* _MATERIAL PROVIDED_:
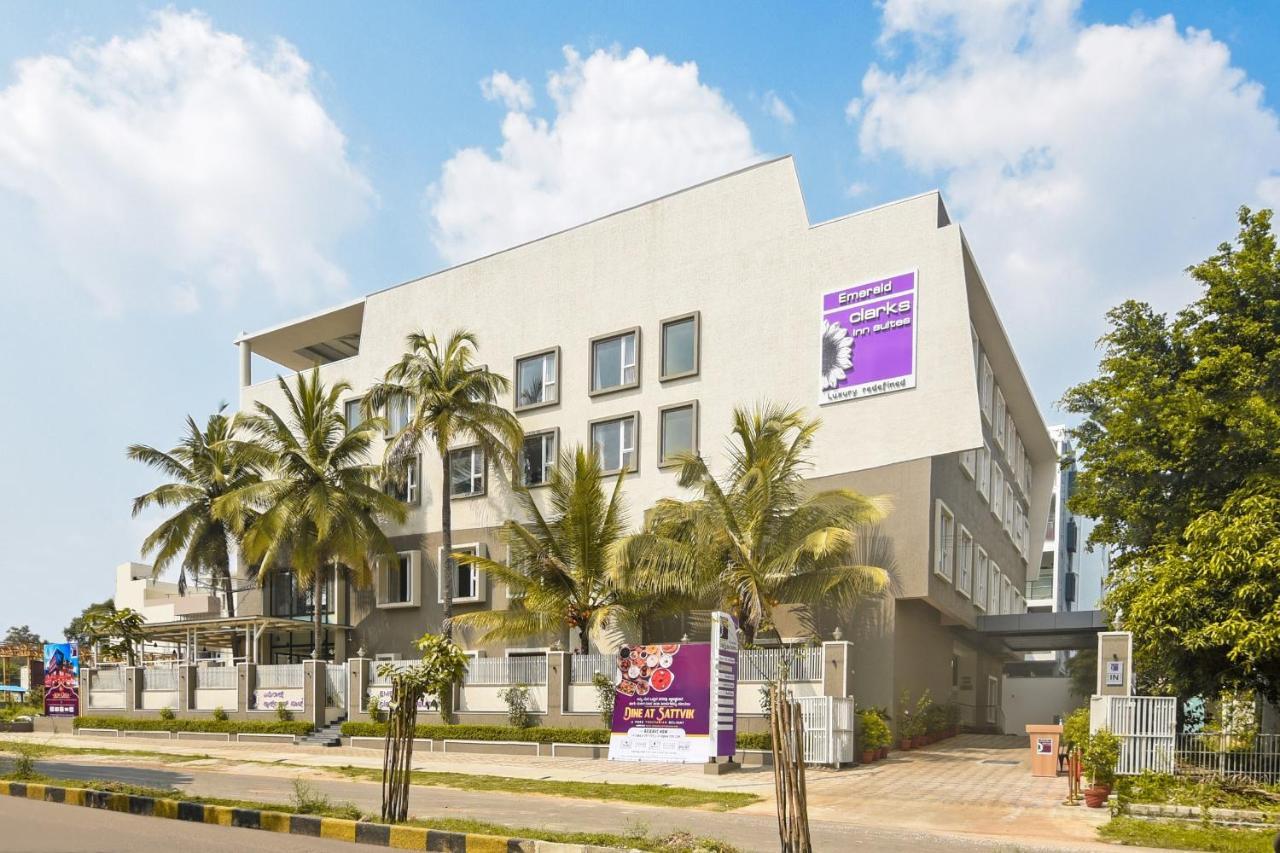Emerald Clarks Inn Suites Mysore Εξωτερικό φωτογραφία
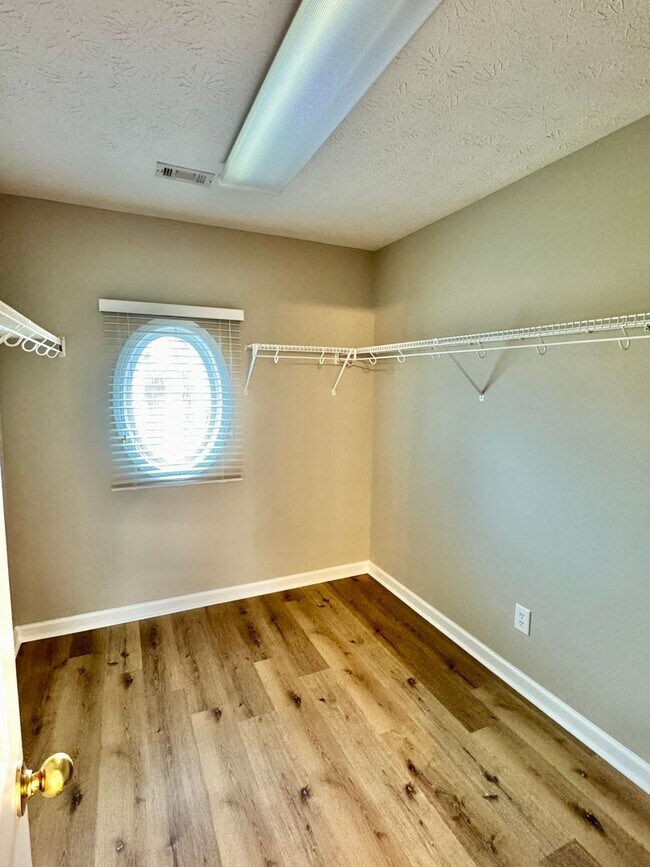 Building Photo - Charming 3-Bedroom, 2-Bath Home in Desirable Deer Creek!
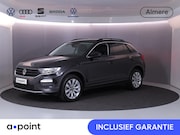 Volkswagen T-Roc - 1.5 TSI Style 150 pk Automaat (DSG) | Navigatie | Trekhaak |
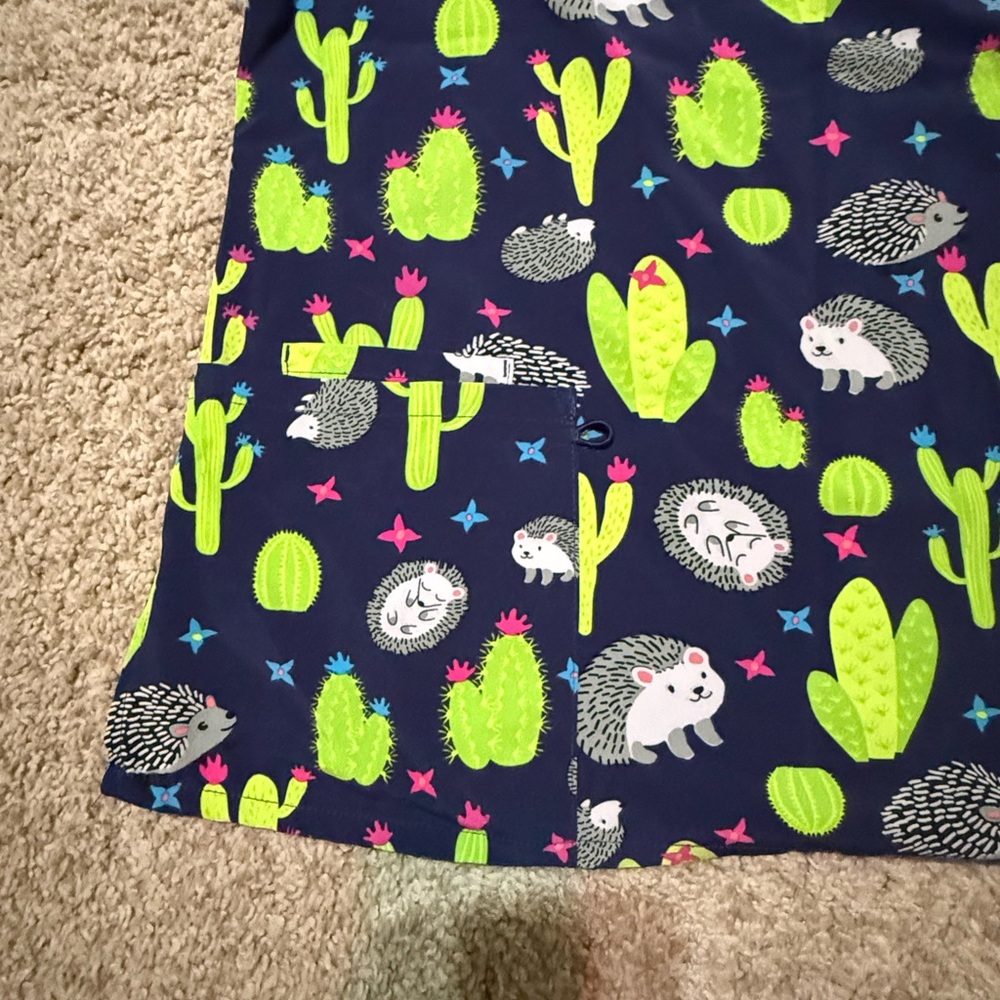 Hedgehog top - Picture 2 of 3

* _WORK INSTRUCTION_:
The reply should repeat the data in full, exactly as given, and contain no pictures.

* _PROBLEM SOLUTION_:
Emerald Clarks Inn Suites Mysore Εξωτερικό φωτογραφία
 Building Photo - Charming 3-Bedroom, 2-Bath Home in Desirable Deer Creek!
 Volkswagen T-Roc - 1.5 TSI Style 150 pk Automaat (DSG) | Navigatie | Trekhaak |
 Hedgehog top - Picture 2 of 3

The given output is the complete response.